The Only Rule Is It Has to Work: Our Wild Experiment Building a New Kind of Baseball Team

Author: Ben Lindbergh, Sam Miller Narrator: John Pruden, Kirby Heyborne Release Date: May 2016

It's the ultimate in fantasy baseball: You get to pick the roster, set the lineup, and decide on strategies-with real players, in a real ballpark, in a real playoff race. That's what baseball analysts Ben Lindbergh and Sam Miller got to do when an independent minor-league team in California, the Sonoma Stompers, offered them the chance to run its baseball operations according to the most advanced statistics.

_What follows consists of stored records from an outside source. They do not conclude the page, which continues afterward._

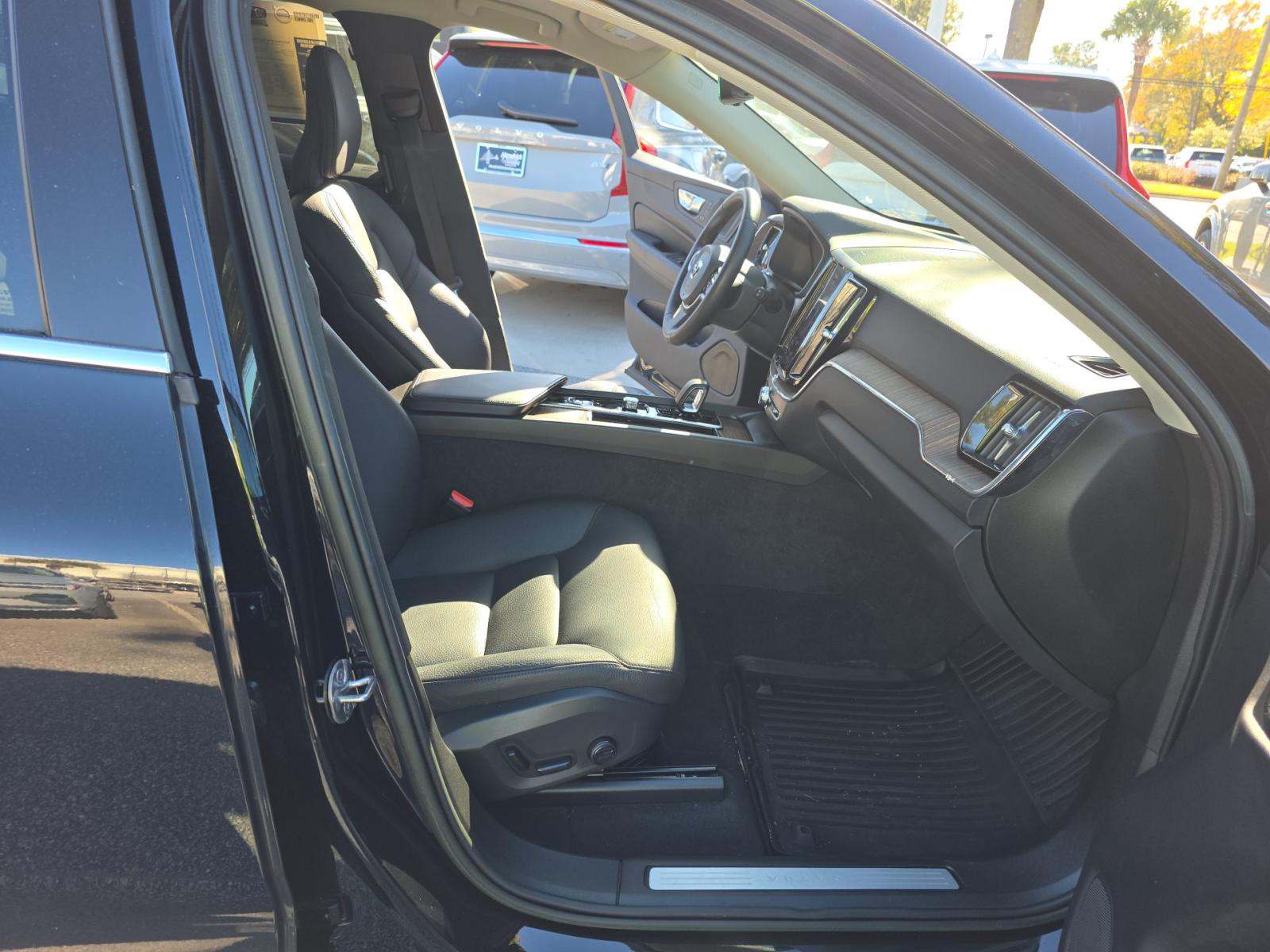 2023 Volvo XC60 B5 Plus FWD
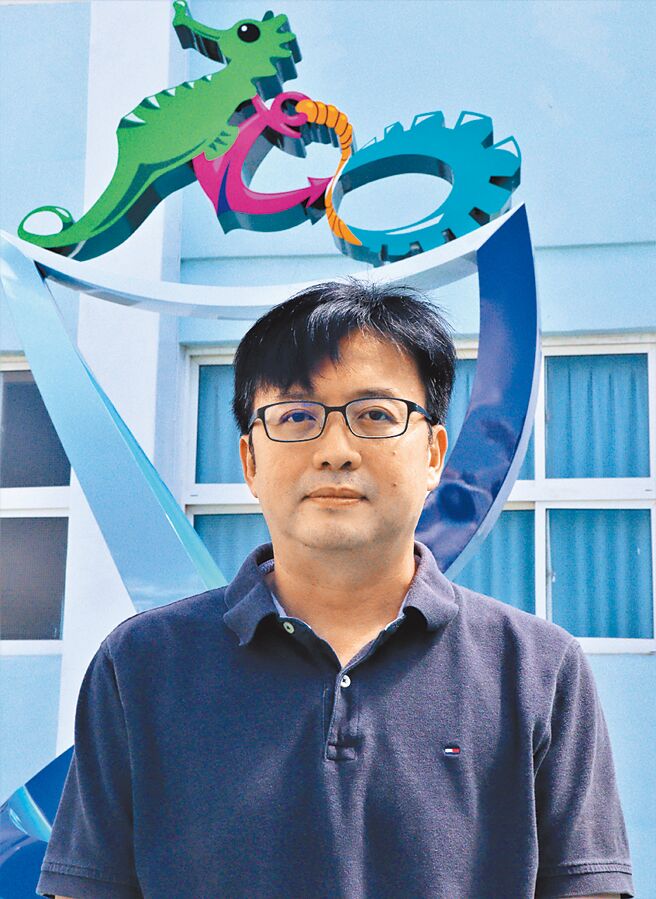 澎湖風櫃子弟顏嘉禾獲選出任國立澎湖高級海事水產職業學校新任校長，消息傳出後受到澎湖地方極大的讚賞。（張茂雄攝）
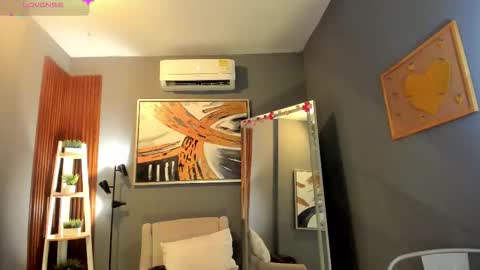 Alisson online show from February 24, 7:45 pm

We tag along as Lindbergh and Miller apply their number-crunching insights to all aspects of assembling and running a team, following one cardinal rule for judging each innovation they try: it has to work. We meet colorful figures like general manager Theo Fightmaster and boundary-breakers like the first openly gay player in professional baseball. Even Jose Canseco makes a cameo appearance. Will their knowledge of numbers help Lindbergh and Miller bring the Stompers a championship, or will they fall on their faces? Will the team have a competitive advantage or is the sport's folk wisdom true after all? Will the players attract the attention of big-league scouts, or are they on a fast track to oblivion?